Ansonsten ist Gregor Rottschalks Fassung vor allem kürzer und auch allgemeiner gehalten – statt des namentlich genannten Freundes werden die nicht näher konkretisierten „andern“ zurückgelassen. Aus der persönlichen, ja intimen und detaillierten Erinnerung, die bei Goldsboro in den Schlussstrophen ja auch noch einmal reflektiert wird, ist eine lediglich grob skizzierte, exemplarische Geschichte geworden: die von der Emanzipation eines Heranwachsenden aus der bis dahin bestimmenden peer group und von seiner Initiation als Mann – die in beiden Texten wiederum fast wortgleich beschrieben wird, inklusive des Wechsels von der dritten zur ersten Person: „And a boy took her hand / But I saw the sun rise as a man“ – „und der Junge nahm schüchtern ihre Hand / doch als ein Mann sah ich die Sonne aufgehn“.

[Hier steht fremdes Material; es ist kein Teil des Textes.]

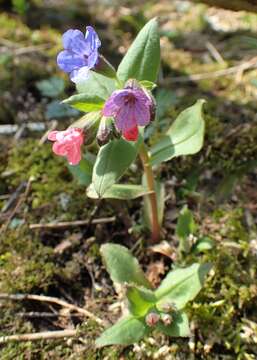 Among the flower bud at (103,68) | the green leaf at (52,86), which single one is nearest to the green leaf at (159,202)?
the flower bud at (103,68)

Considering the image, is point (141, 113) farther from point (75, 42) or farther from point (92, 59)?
point (75, 42)

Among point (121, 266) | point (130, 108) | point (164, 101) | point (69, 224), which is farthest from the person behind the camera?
point (164, 101)

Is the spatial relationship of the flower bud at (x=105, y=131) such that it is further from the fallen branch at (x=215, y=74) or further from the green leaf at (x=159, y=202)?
the fallen branch at (x=215, y=74)

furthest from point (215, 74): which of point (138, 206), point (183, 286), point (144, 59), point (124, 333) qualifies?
point (124, 333)

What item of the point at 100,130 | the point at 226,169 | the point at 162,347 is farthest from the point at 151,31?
the point at 162,347

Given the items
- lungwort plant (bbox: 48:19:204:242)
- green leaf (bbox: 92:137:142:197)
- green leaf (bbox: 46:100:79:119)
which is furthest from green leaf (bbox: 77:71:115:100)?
green leaf (bbox: 46:100:79:119)

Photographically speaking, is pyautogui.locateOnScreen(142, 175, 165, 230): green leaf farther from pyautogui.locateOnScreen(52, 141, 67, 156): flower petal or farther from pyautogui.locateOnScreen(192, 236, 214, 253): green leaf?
pyautogui.locateOnScreen(52, 141, 67, 156): flower petal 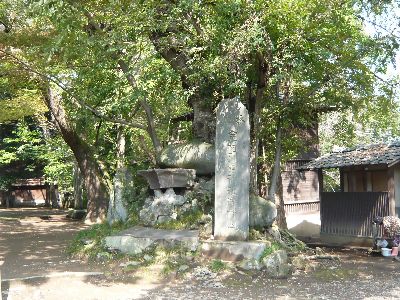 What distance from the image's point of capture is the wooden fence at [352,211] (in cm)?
1520

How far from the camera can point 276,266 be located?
31.7ft

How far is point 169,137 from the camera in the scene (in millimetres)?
21188

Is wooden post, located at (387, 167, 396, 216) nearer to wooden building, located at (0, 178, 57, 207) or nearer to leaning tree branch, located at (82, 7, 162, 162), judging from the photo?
leaning tree branch, located at (82, 7, 162, 162)

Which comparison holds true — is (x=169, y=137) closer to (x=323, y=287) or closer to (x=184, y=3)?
(x=184, y=3)

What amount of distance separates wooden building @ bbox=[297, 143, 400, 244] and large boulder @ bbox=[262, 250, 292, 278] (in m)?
6.17

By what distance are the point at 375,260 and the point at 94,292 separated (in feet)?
25.4

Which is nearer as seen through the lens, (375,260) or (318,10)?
(318,10)

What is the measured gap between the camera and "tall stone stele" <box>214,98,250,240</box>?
10.3m

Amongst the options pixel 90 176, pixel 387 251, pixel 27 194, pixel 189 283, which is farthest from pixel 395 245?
pixel 27 194

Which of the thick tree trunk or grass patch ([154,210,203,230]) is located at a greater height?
the thick tree trunk

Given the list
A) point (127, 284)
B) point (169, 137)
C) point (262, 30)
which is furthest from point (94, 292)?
point (169, 137)

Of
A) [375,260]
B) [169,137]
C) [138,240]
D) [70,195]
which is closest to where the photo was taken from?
[138,240]

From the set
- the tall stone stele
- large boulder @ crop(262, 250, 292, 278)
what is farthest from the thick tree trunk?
large boulder @ crop(262, 250, 292, 278)

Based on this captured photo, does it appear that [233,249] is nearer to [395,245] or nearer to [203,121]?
[203,121] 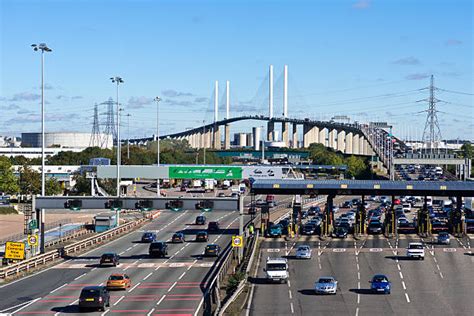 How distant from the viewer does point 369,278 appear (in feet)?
160

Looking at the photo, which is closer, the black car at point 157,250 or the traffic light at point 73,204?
the traffic light at point 73,204

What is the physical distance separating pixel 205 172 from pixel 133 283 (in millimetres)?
54290

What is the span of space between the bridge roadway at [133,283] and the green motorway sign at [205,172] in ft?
95.2

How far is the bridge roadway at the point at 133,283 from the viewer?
38.7 metres

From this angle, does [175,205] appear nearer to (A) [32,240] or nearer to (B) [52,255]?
(B) [52,255]

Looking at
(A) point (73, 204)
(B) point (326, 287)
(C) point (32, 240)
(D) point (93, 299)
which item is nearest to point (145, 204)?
(A) point (73, 204)

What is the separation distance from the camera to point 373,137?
17975 centimetres

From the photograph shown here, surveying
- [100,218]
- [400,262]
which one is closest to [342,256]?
[400,262]

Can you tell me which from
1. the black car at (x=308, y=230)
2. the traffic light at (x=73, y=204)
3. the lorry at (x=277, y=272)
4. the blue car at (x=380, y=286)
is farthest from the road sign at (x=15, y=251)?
the black car at (x=308, y=230)

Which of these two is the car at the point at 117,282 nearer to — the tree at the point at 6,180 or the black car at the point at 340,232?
the black car at the point at 340,232

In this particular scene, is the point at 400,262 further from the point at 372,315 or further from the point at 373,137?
the point at 373,137

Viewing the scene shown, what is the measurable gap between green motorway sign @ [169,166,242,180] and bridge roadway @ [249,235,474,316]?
31.7 meters

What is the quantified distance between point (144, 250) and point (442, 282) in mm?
25730

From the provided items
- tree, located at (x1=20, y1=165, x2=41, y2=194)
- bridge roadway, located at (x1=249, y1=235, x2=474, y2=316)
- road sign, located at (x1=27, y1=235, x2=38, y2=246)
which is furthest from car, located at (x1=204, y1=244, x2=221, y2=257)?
tree, located at (x1=20, y1=165, x2=41, y2=194) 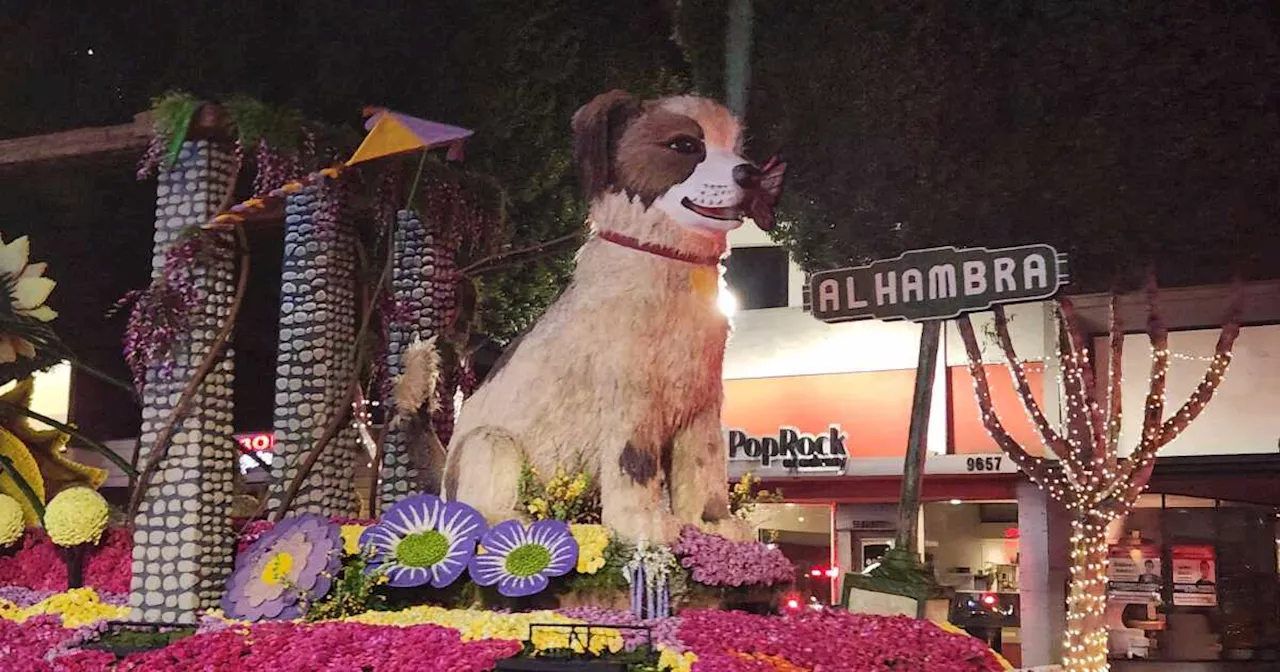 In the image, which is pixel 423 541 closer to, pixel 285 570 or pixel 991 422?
pixel 285 570

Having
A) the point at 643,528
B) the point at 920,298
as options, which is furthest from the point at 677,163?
the point at 643,528

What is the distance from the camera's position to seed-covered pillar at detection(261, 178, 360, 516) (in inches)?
438

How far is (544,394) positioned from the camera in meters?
9.88

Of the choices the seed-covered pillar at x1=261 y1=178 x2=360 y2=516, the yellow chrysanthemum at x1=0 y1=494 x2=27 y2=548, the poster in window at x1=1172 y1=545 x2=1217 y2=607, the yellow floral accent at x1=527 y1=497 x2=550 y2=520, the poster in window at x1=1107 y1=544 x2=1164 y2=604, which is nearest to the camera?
the yellow floral accent at x1=527 y1=497 x2=550 y2=520

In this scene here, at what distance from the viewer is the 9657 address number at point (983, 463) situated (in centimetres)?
1684

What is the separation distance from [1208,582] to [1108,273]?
6.27m

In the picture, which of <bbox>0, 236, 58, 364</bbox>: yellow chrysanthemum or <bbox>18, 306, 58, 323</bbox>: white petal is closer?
<bbox>0, 236, 58, 364</bbox>: yellow chrysanthemum

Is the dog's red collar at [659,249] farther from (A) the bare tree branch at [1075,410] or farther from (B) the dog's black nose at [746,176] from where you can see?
(A) the bare tree branch at [1075,410]

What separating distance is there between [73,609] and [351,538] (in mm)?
2138

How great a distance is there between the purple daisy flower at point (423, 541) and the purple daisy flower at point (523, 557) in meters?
0.16

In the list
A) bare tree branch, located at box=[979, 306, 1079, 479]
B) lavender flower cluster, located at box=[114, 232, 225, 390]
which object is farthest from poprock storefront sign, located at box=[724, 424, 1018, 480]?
lavender flower cluster, located at box=[114, 232, 225, 390]

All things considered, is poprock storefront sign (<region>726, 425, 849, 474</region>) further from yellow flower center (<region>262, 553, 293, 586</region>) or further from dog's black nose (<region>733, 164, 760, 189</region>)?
yellow flower center (<region>262, 553, 293, 586</region>)

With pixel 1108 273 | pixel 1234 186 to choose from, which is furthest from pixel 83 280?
pixel 1234 186

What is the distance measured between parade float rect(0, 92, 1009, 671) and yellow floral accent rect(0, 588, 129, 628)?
4 cm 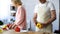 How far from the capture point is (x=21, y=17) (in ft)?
8.68

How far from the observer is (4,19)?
2869mm

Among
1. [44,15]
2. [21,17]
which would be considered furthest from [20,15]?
[44,15]

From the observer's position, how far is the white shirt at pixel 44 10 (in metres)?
2.56

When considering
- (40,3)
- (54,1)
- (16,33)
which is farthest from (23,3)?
(16,33)

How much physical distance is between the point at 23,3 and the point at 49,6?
0.43 metres

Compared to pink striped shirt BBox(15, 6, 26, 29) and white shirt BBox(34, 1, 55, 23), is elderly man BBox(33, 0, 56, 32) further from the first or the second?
pink striped shirt BBox(15, 6, 26, 29)

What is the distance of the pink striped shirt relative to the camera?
2636 mm

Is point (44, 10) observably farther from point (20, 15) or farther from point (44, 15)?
point (20, 15)

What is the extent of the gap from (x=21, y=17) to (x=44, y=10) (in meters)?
0.36

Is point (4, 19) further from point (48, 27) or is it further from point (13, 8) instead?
point (48, 27)

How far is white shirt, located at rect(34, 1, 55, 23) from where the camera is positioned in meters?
2.56

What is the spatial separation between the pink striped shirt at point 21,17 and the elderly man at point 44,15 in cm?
17

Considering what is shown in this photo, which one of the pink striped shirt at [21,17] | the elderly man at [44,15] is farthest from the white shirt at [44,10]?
the pink striped shirt at [21,17]

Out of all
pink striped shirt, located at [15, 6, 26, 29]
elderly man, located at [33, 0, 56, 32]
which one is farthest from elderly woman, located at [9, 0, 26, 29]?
elderly man, located at [33, 0, 56, 32] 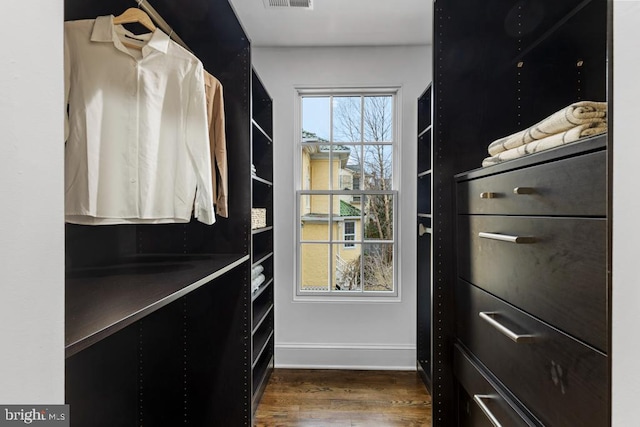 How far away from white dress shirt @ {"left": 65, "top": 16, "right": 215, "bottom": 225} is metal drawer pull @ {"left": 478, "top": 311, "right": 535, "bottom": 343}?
119cm

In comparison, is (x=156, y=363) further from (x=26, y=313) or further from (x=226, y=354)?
(x=26, y=313)

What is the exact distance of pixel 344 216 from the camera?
2.83m

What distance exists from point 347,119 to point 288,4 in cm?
96

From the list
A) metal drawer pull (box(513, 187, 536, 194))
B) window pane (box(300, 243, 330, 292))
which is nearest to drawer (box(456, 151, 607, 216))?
metal drawer pull (box(513, 187, 536, 194))

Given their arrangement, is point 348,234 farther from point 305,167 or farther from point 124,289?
point 124,289

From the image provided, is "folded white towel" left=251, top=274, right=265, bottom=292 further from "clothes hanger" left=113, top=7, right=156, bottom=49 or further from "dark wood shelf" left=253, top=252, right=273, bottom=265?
"clothes hanger" left=113, top=7, right=156, bottom=49

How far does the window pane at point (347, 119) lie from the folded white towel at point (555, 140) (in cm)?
158

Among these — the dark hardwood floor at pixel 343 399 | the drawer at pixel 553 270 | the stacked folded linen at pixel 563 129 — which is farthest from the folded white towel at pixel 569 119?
the dark hardwood floor at pixel 343 399

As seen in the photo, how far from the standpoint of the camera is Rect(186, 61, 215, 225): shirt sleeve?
4.30 feet

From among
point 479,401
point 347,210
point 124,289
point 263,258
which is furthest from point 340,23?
point 479,401

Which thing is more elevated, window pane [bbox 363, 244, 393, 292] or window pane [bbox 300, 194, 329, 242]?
window pane [bbox 300, 194, 329, 242]

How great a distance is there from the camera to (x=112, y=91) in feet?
3.48

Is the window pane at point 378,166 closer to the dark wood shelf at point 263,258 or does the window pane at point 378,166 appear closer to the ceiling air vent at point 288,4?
the dark wood shelf at point 263,258

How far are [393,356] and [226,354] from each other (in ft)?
4.90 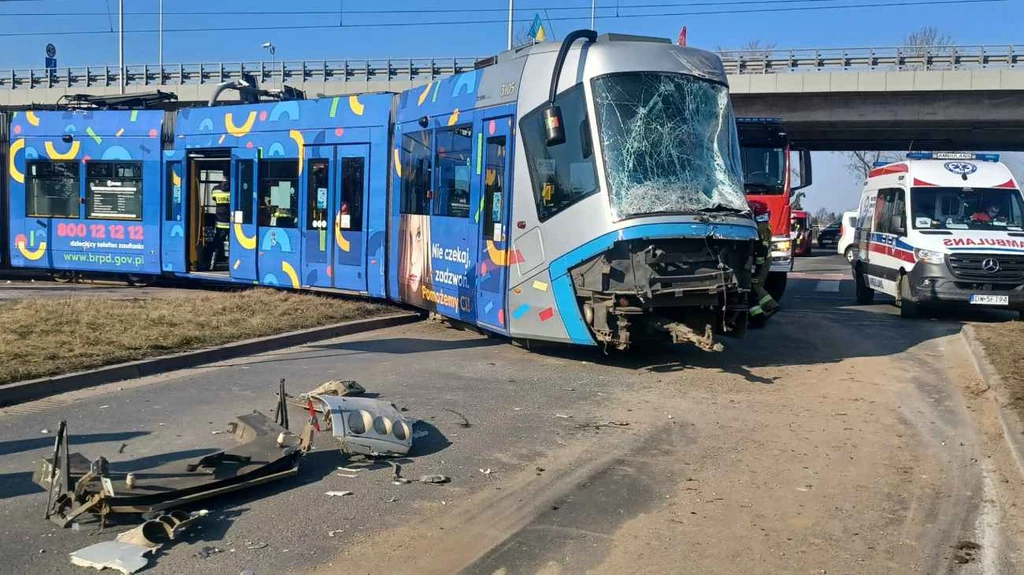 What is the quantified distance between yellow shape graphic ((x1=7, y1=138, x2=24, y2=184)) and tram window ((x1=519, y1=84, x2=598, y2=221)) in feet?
41.5

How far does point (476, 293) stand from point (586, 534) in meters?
6.31

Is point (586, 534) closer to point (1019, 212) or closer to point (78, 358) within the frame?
point (78, 358)

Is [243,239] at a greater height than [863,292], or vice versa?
[243,239]

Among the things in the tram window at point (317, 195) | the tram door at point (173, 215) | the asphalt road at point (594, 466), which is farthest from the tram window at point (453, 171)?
the tram door at point (173, 215)

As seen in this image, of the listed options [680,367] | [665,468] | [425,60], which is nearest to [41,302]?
[680,367]

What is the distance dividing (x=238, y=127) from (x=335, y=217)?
9.85ft

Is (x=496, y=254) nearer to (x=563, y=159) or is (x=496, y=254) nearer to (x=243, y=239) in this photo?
(x=563, y=159)

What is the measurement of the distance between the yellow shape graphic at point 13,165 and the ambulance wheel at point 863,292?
1683 centimetres

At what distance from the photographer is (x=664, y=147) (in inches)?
383

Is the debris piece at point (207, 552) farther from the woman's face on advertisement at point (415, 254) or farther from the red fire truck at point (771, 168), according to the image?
the red fire truck at point (771, 168)

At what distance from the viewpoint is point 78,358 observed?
9.48 meters

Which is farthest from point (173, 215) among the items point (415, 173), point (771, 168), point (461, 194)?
point (771, 168)

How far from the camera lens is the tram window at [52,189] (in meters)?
18.0

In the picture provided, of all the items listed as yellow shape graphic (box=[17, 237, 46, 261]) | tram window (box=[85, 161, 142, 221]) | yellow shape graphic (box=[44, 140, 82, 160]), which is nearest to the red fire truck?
tram window (box=[85, 161, 142, 221]) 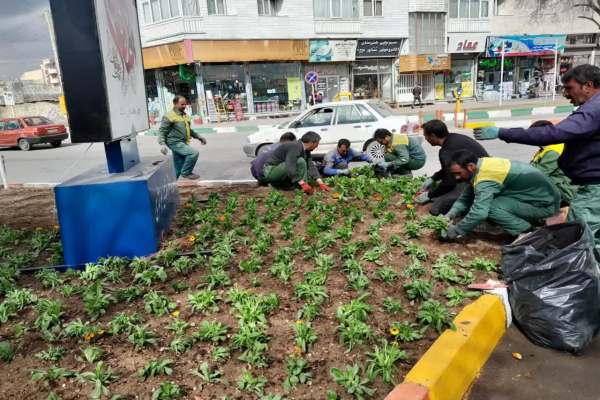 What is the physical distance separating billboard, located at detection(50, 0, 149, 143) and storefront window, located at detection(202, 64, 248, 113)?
23319 millimetres

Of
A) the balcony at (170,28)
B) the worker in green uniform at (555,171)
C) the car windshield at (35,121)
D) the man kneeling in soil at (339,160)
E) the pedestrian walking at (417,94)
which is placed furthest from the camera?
the pedestrian walking at (417,94)

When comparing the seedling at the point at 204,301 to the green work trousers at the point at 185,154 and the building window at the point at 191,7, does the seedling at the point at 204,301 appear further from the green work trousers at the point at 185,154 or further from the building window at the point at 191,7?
the building window at the point at 191,7

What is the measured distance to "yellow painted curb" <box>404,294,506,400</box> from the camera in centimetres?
250

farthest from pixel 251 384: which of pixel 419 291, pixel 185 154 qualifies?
pixel 185 154

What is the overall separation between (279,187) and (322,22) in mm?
24404

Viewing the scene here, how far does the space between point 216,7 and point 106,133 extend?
24765 millimetres

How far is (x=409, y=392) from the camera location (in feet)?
7.75

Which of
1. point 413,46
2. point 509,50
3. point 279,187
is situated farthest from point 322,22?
point 279,187

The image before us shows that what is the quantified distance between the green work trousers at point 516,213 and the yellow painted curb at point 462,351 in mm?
1274

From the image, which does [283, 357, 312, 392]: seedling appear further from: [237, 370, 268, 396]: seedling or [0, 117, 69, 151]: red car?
[0, 117, 69, 151]: red car

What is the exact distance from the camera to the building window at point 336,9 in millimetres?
28781

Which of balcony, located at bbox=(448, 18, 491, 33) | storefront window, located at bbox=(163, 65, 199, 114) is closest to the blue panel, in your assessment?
storefront window, located at bbox=(163, 65, 199, 114)

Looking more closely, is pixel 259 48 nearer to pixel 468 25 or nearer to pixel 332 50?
pixel 332 50

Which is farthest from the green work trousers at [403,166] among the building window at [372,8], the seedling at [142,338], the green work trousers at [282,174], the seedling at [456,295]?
the building window at [372,8] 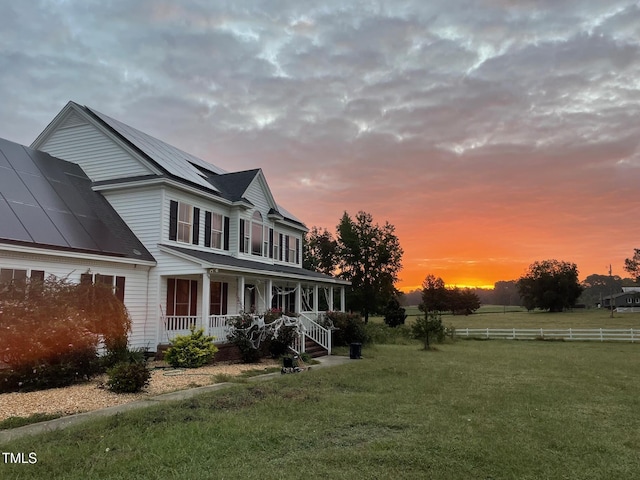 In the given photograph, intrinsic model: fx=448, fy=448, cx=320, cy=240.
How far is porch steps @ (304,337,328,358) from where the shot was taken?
16744 millimetres

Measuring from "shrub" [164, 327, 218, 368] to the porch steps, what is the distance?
455 cm

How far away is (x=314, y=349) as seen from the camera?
17.3m

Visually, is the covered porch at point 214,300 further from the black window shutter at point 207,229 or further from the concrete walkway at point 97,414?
the concrete walkway at point 97,414

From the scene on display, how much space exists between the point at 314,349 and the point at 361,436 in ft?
37.3

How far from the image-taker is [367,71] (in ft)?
53.6

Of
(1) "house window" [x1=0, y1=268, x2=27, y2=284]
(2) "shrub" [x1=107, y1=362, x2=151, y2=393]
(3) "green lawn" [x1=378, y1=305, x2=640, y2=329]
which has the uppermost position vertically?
(1) "house window" [x1=0, y1=268, x2=27, y2=284]

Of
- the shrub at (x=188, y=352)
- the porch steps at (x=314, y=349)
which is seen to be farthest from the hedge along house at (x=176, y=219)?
the shrub at (x=188, y=352)

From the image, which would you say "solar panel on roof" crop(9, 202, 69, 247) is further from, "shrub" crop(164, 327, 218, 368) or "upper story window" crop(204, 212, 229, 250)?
"upper story window" crop(204, 212, 229, 250)

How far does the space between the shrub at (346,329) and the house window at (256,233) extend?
14.6ft

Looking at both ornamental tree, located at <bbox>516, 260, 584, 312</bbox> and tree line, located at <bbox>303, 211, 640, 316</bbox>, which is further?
ornamental tree, located at <bbox>516, 260, 584, 312</bbox>

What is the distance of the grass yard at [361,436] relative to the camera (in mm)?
4840

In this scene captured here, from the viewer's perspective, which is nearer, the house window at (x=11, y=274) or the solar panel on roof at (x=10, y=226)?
the house window at (x=11, y=274)

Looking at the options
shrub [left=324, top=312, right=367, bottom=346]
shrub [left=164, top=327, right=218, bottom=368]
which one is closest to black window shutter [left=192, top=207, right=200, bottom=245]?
shrub [left=164, top=327, right=218, bottom=368]

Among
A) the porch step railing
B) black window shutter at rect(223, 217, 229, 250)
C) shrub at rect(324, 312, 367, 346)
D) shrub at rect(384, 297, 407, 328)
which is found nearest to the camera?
the porch step railing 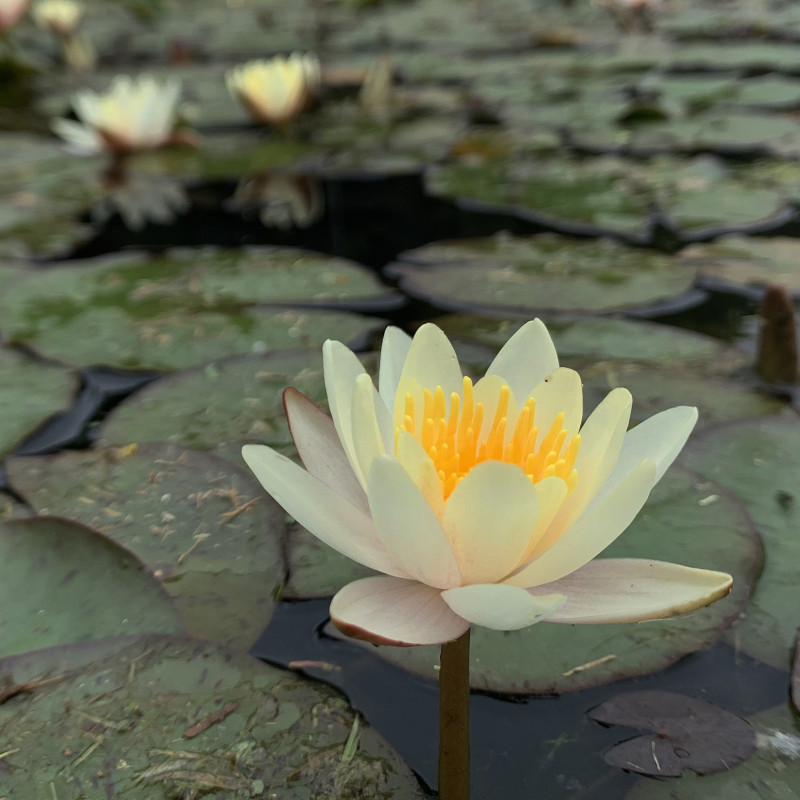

Man kann Rottschalk handwerklich kaum etwas vorwerfen: Er hat aus einem langen, persönlichen Singer-Songwiter-Text einen kurzen, stadiontauglichen Schlagertext gemacht, der so züchtig gehalten ist, dass er aufgrund seines Themas zwar einen kleinen Skandal auslöste und damit Aufmerksamkeit generierte, aber Maffays Wohnzimmertauglichkeit nicht nachhaltig beeinträchtigte. Die Glaubwürdigkeitsproblematik ergibt sich erst in der performativen Reklamation von Authentizität – einerseits durch die Rockerpose, andererseits durch Maffays stark emotionalen Gesang. Mit der Kombination aus einem schematischen, allgemein gehaltenen Text und performativ beanspruchter Individualität liefert Es war Sommer die Blaupause für die Lieder von Generationen nachfolgender Rockschlagersängerinnen und -sänger, die sich zwar wünschen, dass Worte ihre Sprache wären, aber sich doch nur Formulierungen bedienen, die genau so schon Zahllose vor ihnen genutzt haben.